■ **The problem**
Copy out word for word the line with "Rails Tops - Rails" and the lines that follow it in the listing below, up to the final one.

■ **Records for the task**
=== Begin Enclosure ===

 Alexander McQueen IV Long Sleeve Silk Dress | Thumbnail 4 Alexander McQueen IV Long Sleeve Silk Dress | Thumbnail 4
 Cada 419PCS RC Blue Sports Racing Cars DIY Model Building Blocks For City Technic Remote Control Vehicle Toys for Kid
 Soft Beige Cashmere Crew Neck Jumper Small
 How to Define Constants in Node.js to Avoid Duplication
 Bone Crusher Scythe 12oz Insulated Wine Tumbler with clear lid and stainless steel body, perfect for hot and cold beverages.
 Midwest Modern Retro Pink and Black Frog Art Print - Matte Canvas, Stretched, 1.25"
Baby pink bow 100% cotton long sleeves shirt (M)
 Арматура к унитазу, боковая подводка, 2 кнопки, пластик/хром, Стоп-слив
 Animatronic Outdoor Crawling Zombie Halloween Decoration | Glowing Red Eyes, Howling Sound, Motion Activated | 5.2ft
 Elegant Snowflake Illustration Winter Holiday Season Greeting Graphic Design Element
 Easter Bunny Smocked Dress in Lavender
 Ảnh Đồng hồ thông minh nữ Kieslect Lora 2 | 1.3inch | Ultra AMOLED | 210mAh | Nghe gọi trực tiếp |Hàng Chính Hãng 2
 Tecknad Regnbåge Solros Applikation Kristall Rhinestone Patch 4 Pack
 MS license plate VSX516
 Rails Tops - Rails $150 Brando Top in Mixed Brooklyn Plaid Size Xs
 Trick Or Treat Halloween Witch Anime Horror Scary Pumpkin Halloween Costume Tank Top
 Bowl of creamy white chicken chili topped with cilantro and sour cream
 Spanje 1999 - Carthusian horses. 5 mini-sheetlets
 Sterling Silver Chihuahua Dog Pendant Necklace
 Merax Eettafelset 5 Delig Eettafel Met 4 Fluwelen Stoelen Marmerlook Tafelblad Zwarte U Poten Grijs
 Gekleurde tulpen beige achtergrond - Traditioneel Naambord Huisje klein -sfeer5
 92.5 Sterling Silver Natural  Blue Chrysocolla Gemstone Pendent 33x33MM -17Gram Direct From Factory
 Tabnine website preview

=== End Enclosure ===

■ **Response**
 Rails Tops - Rails $150 Brando Top in Mixed Brooklyn Plaid Size Xs
 Trick Or Treat Halloween Witch Anime Horror Scary Pumpkin Halloween Costume Tank Top
 Bowl of creamy white chicken chili topped with cilantro and sour cream
 Spanje 1999 - Carthusian horses. 5 mini-sheetlets
 Sterling Silver Chihuahua Dog Pendant Necklace
 Merax Eettafelset 5 Delig Eettafel Met 4 Fluwelen Stoelen Marmerlook Tafelblad Zwarte U Poten Grijs
 Gekleurde tulpen beige achtergrond - Traditioneel Naambord Huisje klein -sfeer5
 92.5 Sterling Silver Natural  Blue Chrysocolla Gemstone Pendent 33x33MM -17Gram Direct From Factory
 Tabnine website preview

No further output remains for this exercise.